The Community of Jesus
January 15, 2017 Series: The Drama of the Gospel: What It is and How It Changes Everything
Passage: Mark 3:6–3:19
In the passage we are exploring this morning Mark is revealing Jesus beginning to form his new community. He is beginning by forming a new leadership community, the apostles. Later, at the close of the chapter he will continue with the theme of the new family by asking the question, “Who are my mother and my brothers?” (Mark 3:33). Even though the apostles have a foundational role that we do not repeat as theirs was a unique role in the history of redemption, there are three aspects of community that we learn here for our own discipleship. The first is that Jesus’ community has a communal identity. It is significant that Jesus goes up on the mountain to begin to form his new community. He is deliberately alluding to the twelve tribes of Israel from the Old Testament. So Jesus is here beginning to form a people for himself, a people with a communal identity. Second, he gives them a new relationship. We will review under this point the significance of his naming them. And third, this community has a missional vocation, or participates in the mission of Jesus. We also, do not have our own mission, but participate in the mission of Jesus.
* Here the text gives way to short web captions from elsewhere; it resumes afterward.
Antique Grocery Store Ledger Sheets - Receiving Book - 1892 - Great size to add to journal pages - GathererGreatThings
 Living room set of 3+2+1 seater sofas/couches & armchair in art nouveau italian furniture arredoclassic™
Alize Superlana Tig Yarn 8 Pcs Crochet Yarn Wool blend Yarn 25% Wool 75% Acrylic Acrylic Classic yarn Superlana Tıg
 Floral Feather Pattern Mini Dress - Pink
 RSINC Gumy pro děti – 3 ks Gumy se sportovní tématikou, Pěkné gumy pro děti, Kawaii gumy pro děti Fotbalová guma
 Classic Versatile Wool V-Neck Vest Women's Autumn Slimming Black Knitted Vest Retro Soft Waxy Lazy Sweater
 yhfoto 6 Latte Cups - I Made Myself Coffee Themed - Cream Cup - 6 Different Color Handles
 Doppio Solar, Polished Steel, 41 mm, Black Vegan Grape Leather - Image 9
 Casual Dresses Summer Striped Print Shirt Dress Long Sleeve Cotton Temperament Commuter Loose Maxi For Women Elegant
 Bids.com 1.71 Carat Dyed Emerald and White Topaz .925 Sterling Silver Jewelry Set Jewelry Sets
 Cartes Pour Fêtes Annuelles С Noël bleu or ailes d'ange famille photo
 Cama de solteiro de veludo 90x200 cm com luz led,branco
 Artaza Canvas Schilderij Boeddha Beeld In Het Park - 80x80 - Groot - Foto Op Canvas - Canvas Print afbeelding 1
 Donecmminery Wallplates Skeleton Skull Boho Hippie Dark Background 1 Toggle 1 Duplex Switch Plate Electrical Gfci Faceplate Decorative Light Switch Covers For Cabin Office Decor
Having a missional vocation is living sent. And Jesus lived sent. Galatians 4:4-7 tells us that “When the fullness of time had come, God sent forth his son, born of woman, born under the law, to redeem those who were under the law, so that we might receive adoption as sons.” And he was sent for us. God sent Jesus to redeem us and to bring us to ourselves. And, as we will explore in the text we find ourselves when we lose ourselves for him and for the gospel.